Copy exactly the lines of the records below, and only those lines, beginning with the line that contains "Nevada woman finds" and ending with the line that contains "Balancer in tomato".

** Opening Information provided block **

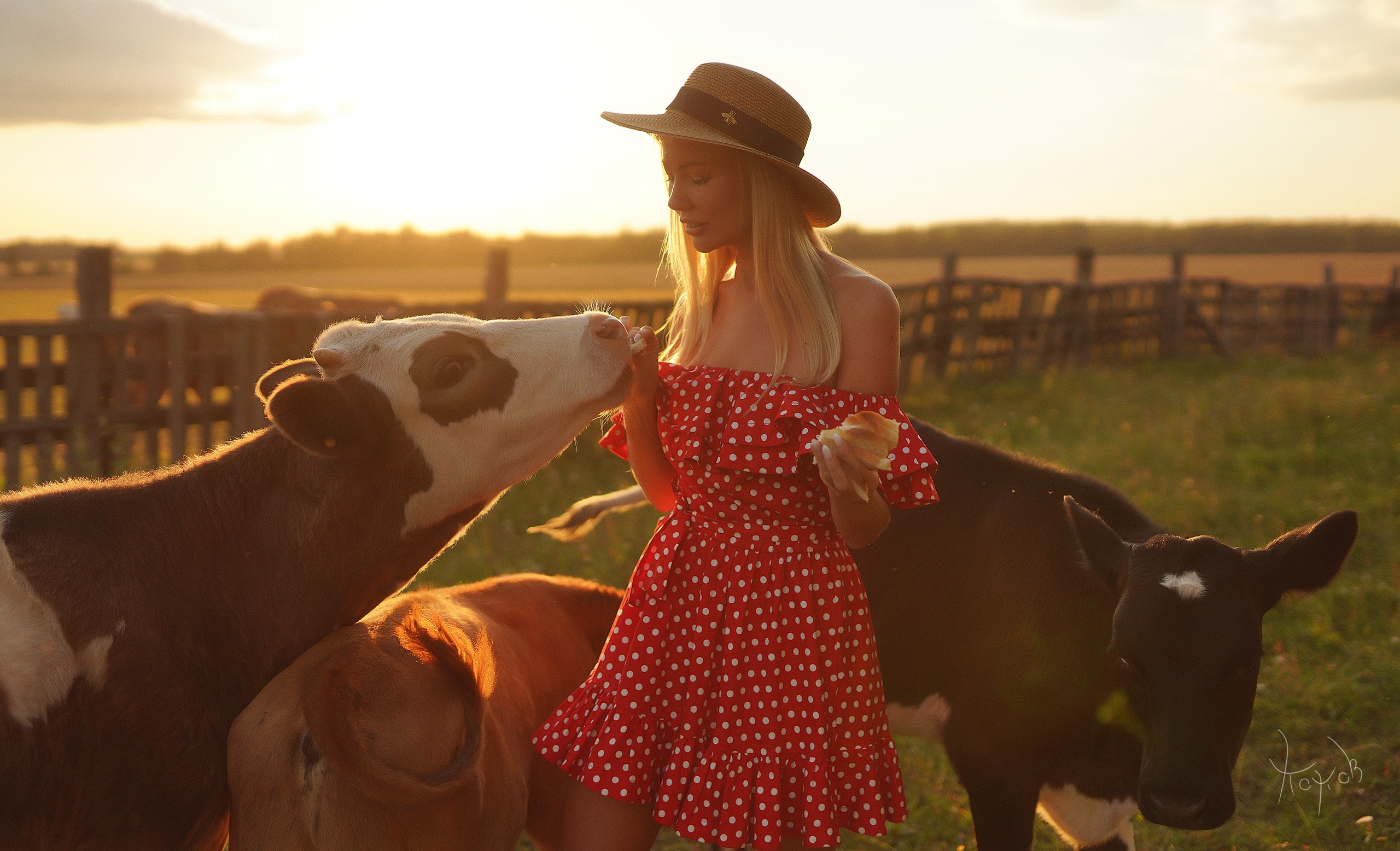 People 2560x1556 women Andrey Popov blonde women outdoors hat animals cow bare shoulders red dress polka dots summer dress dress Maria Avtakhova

** Closing Information provided block **
** Opening Information provided block **

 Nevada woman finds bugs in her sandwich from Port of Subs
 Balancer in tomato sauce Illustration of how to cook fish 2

** Closing Information provided block **

The answer
 Nevada woman finds bugs in her sandwich from Port of Subs
 Balancer in tomato sauce Illustration of how to cook fish 2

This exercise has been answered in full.